Taiwanese weightlifter (born 1940)

Oun Yao-ling (項耀林 (项耀林, Xiàng Yàolín); born 11 February 1940), also known as Günter Wu, is a Taiwanese weightlifter. He competed in the men's heavyweight event at the 1964 Summer Olympics, where he placed 14th. Born and raised in Germany, Oun visited Taiwan for the first time at the age of 24 to train for the Olympics as a member of the Taiwanese team. He set three national records at the 18th World Games in 1965.

==Biography==
Oun Yao-ling was born in Germany. He is also known as Günter Wu. His father, Oun Ting-zhai (項廷齋), is from Zhejiang's Qingtian County, while his mother is from Germany. Oun has four sisters. The family initially operated a large perfume store in East Germany but escaped to West Germany after the communist government seized the business. The family left their house, cars, and most of their belongings in East Germany, taking only a few things with them. The family began running the Chinese restaurant Nanjing Restaurant (南京酒樓) in Braunschweig. While studying textile chemistry at the Stuttgart Technology University of Applied Sciences, Oun assisted at the restaurant during holiday breaks. He graduated from the university in 1964.

Oun began weightlifting in 1959 and learned from the West German weightlifter (摩勒). He initially could lift a little above 170 kg. In May 1963, he lifted 412.5 kg, breaking the West German record. Oun became the German champion in the heavyweight division after lifting a total of 440 kg in three lifts. Although the German Weightlifting Association (德國舉重協會) recommended that he obtain German citizenship and compete on the German national team at the Olympics, he kept rejecting the offer. He was living in Germany in 1963. Around that year, he sent a letter to Yang Sen, the president of the Republic of China Sports Federation, offering to compete for Taiwan at the 1964 Summer Olympics. Huang Chi-lu, the Minister of Education, met Oun on a visit to Germany. According to Huang, Oun told Huang that he had to consume either beans or two pounds of meat daily. Huang asked him what the monthly cost of this diet was, and Oun responded it was 200 German marks. Huang approved that Oun would get a monthly public allowance of 500 marks. Referring to Chen Cheng, Huang said, "I have told Vice President Chen about this, and he agrees very much." Huang said he hoped Oun would compete in the Olympics for Taiwan which would cover his airfare.
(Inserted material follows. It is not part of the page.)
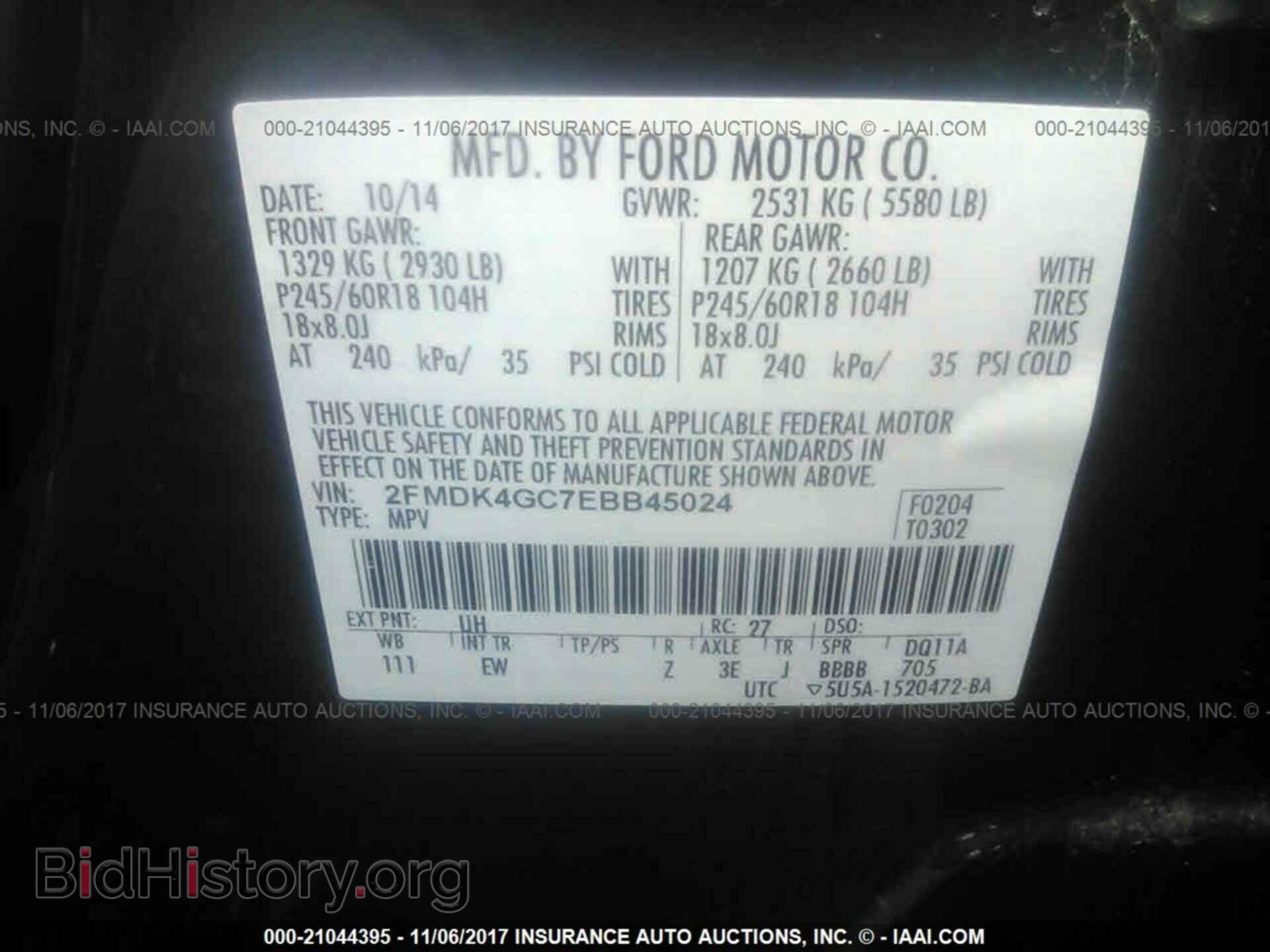 2014 Ford Edge - VIN: 2FMDK4GC7EBB45024 - Photo 9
On 1 August 1964, Yang Sen's committee approved Oun to compete for Taiwan in the 1964 Summer Olympics in the heavyweight weightlifting event. Oun flew to Taipei on 29 October 1964 to train for the Olympics. It was his first time in Taiwan. His cousin, brother-in-law, and six nephews, who lived in Taiwan, met him after he arrived at Songshan Airport. Oun could not speak Mandarin Chinese. He felt embarrassed during training sessions when—unable to understand the coach's instructions—he turned in a different, wrong direction from his teammates. Fellow weightlifter Yang Chuan-kwang began teaching him Mandarin. Oun competed in the men's heavyweight event at the Olympics. In the clean and press, he lifted 140 kg on his first try and 147.5 kg on his second try but failed to lift 150.5 kg on his third try. In the snatch, he lifted 135 kg on his first try, 140 kg on his second, and 145 kg on his third. In the clean and jerk, he lifted 162.5 kg on his first try and 167.5 kg on his second try. On his third try, he failed to lift 172.5 kg. He placed 14th in the event with a total score of 460 kg. When Oun returned to Taiwan after the Olympics, he and fellow Olympian Yang Chuan-kwang visited President Chiang Kai-shek and First Lady Soong Mei-ling at the Shilin Official Residence. Oun said of the meeting, "Being able to meet President Chiang and his wife is truly an invaluable experience during my return to the country. I am so excited and deeply moved today!"

At the 18th World Games (世運會) in 1965, Oun set three national records: a heavyweight snatch of 325.25 kg, a heavyweight clean and jerk of 319.5 kg, and a heavyweight total of 1014 kg.

In 1969, Oun was asked to compete in the South African Games, but the opportunity was rescinded once the organisers found out he was of Chinese origin and not white.